29 December 2005

Florence

Police Chief: You know that woman that confessed to the murder?
Tony Giardino: What about her?
Police Chief: It just so happens that she confessed to some other murders.
Tony Giardino: I thought she would.
Police Chief: She confessed to the murders of Abraham Lincoln, Julius Caesar, and Warren G. Harding. She's a nutcase!

I have this neighbor. Her name is Florence. Nice old lady. Probably about 2 billion years old. But the thing is, she's a nutcase. Drives everyone insane. Story times:

1. She yells my name, "FLIPPY!!" There's no use in correcting her. She thinks she has it down pat. Plus, she only has two volumes: silence and double Brando.

2. Tells my mom that she's tired of sandwiches for dinner and will cook her own dinner. This'll happen everynow and again due to the fact that most days of the week other people cook for her. When mom gets busy that generally means small easy meals like sandwiches.

3. Claimed that the Sprengers were due back on Monday or Tuesday when we were clearly informed from the Sprengers themselves that they were coming back on Wednesday. Oh, she knows...really she does. She says so.

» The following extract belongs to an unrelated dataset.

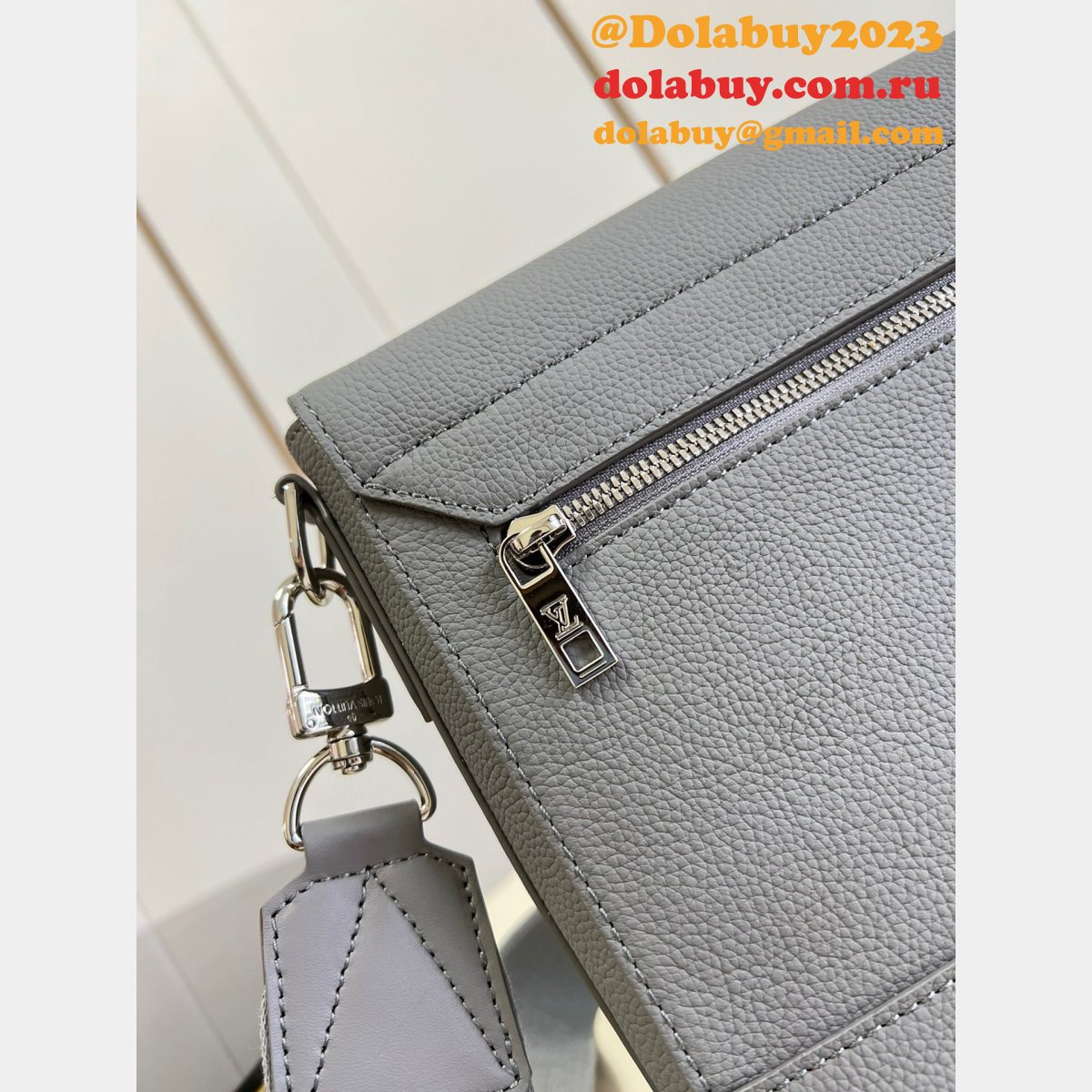 Louis Vuitton Fake Takeoff Messenger LV Aerogram Men M57080 Bag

4. I've never seen her anywhere else besides that chair in her living room.

5. The Johns have said that Florence is out of her freaking gord. The stories they tell and how they go off on said subject. I actually find it quite humorous sometimes.

I guess the only way to experience what is Florence is to visit her yourself. When I get old I plan on going crazy, but wow. I only hope not to lose my mind so much, just slightly.

1 comment:

Ben said...

Is there a Double Brando?

Xshoy!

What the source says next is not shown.